A South Korean worker who witnessed a massive immigration operation at a car factory in Georgia has told the BBC of panic and confusion as federal agents descended on the site and arrested hundreds. The man, who asked to remain anonymous, was at the factory which is jointly owned by Hyundai and LG Energy when agents from Immigration and Customs Enforcement (ICE) arrested 475 people, including 300 South Korean nationals, with some being led away in chains.

He said he first became aware of the Thursday morning raid when he and his colleagues received a deluge of phone calls from company bosses. Multiple phone lines were ringing and the message was to shut down operations, he said.

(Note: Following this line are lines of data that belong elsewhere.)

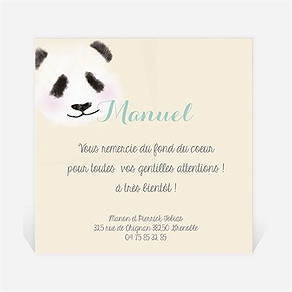Remerciement naissance petit panda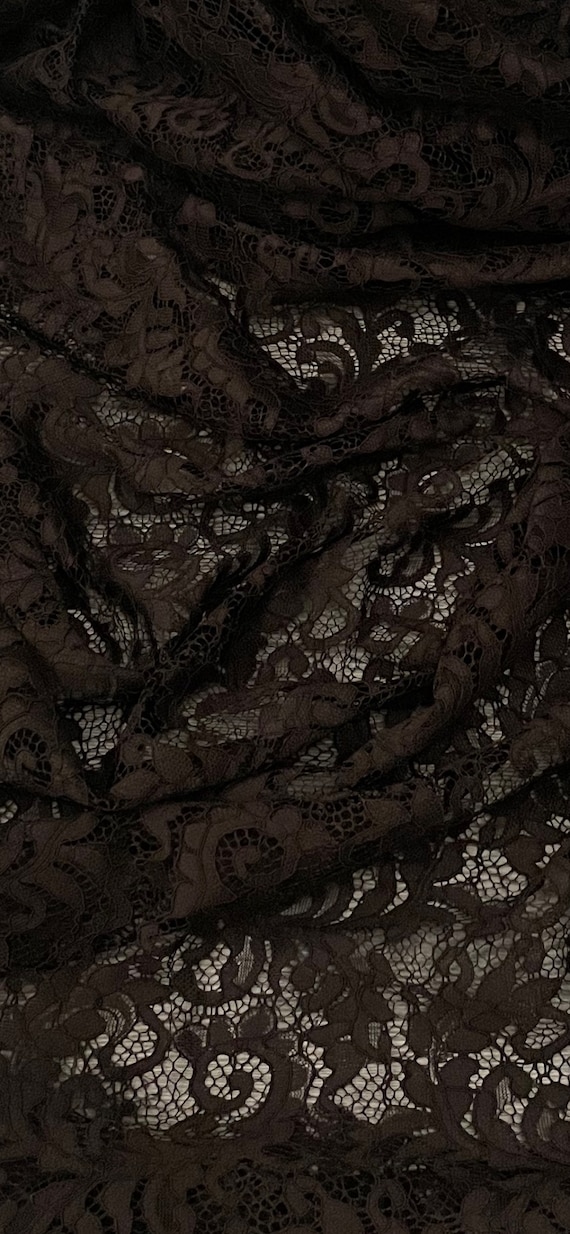 Dark brown lace fabric deals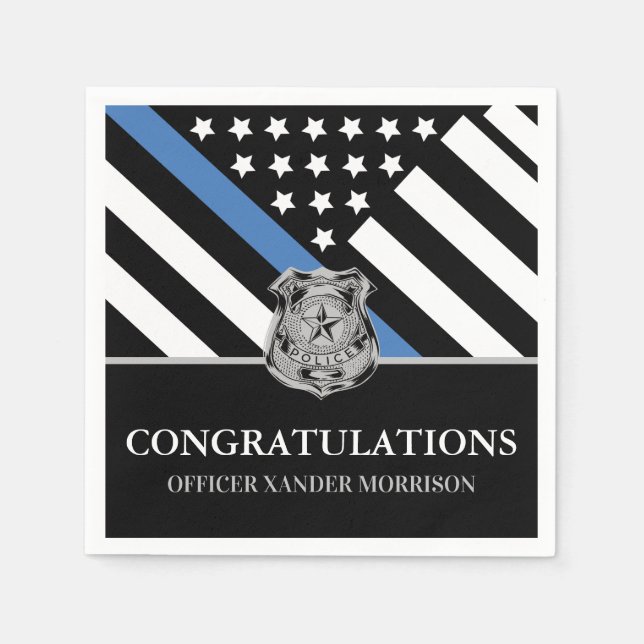 Police Law Enforcement Graduation Blue Line Flag Napkin (Front)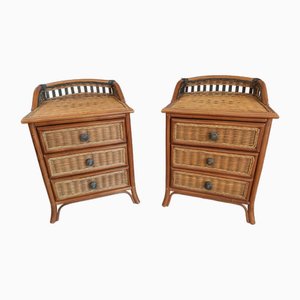 Mid-Century Rattan Nightstands & Dressing Table with Mirror in Wicker & Bamboo, Set of 3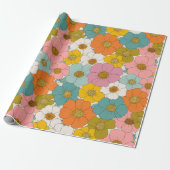 Retro Hippie Floral Verjaardag Cadeaupapier (Uitgerold)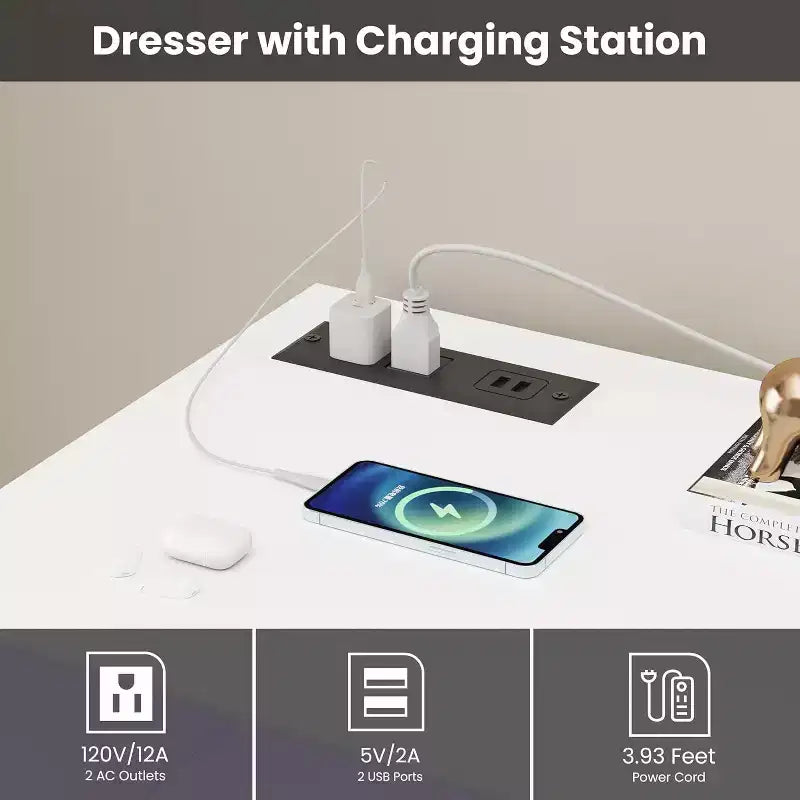 Commode à 6 tiroirs avec lumières LED et station de charge, grand meuble de rangement moderne pour chambre et salon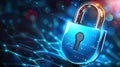 Cyber Security Padlock Digital Protection System for Network and Data Information Royalty Free Stock Photo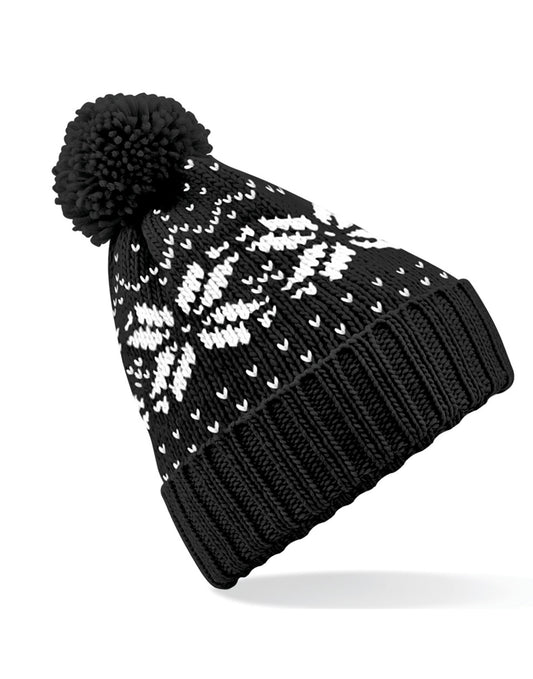 Fair Isle Snowstar® Beanie - Black/White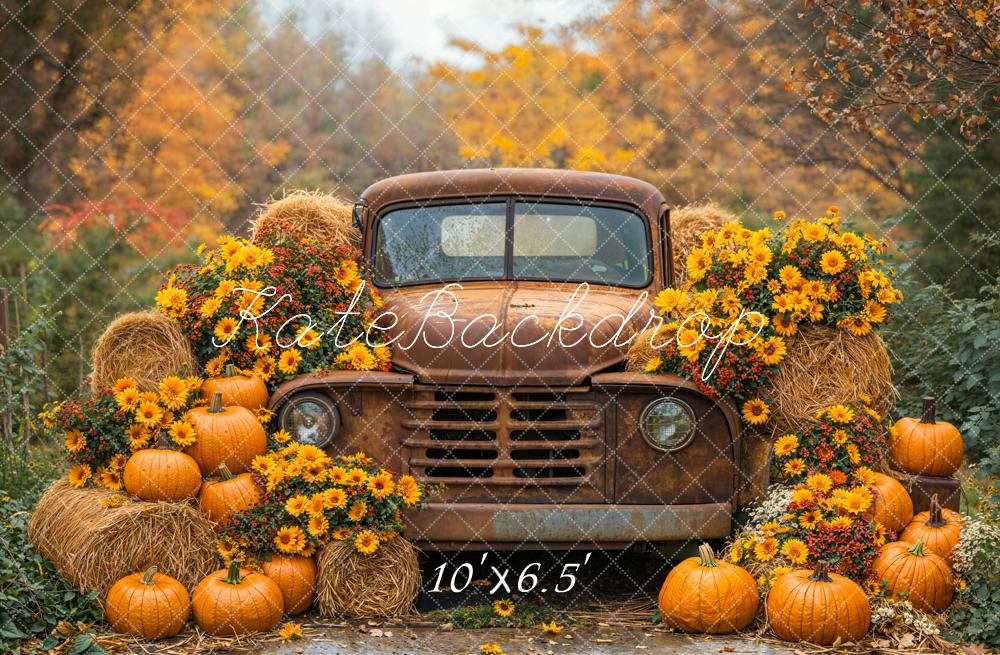 Kate Fall Vintage Truck Pumpkins Hay Bales Sunflowers Backdrop Designed by Emetselch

As news spread of the raid, the largest of its kind since President Donald Trump returned to the White House, panicked family members tried to contact the workers. They were detained and they left all their cell phones in the office. They were getting calls, but we couldn't answer because [the office] was locked, he said.

According to US officials, some workers tried to flee, including several who jumped into a nearby sewage pond. They were separated into groups based on nationality and visa status, before being processed and loaded onto multiple coaches. Some 400 state and federal agents had gathered outside the sprawling $7.6 billion factory complex, which is about half an hour from Savannah, before entering the site around 10:30 on Thursday.

The 3,000-acre complex opened last year and workers assemble electric vehicles. Immigration officials had been investigating alleged illegal employment practices at the electric vehicle battery plant being built in the compound.

The operation ultimately became the largest single-site immigration enforcement operation in the history of Homeland Security investigations, officials said, emphasizing that hundreds of those detained were not legally permitted to work in the US.

BBC Verify has been reviewing footage posted on social media, reportedly filmed inside the battery plant during the raid. One video shows men lined up in a room as a masked agent from Homeland Security Investigations (HSI) instructed them: We're Homeland Security, we have a search warrant for the whole site. We need construction to cease immediately. The worker we met, who is legally entitled to work in the US, expressed shock but also a sense of inevitability regarding the operation.

Hyundai and LG released a statement indicating their cooperation with authorities and confirmed that construction at the site has been paused.

The raid, dubbed 'Operation Low Voltage', targeted an electric battery plant and reflected heightened enforcement under the Trump administration. The implications are profound; the worker suggested that many companies may rethink their investment strategies in the U.S. in light of the administrative complexities surrounding visa applications and compliance with employment laws.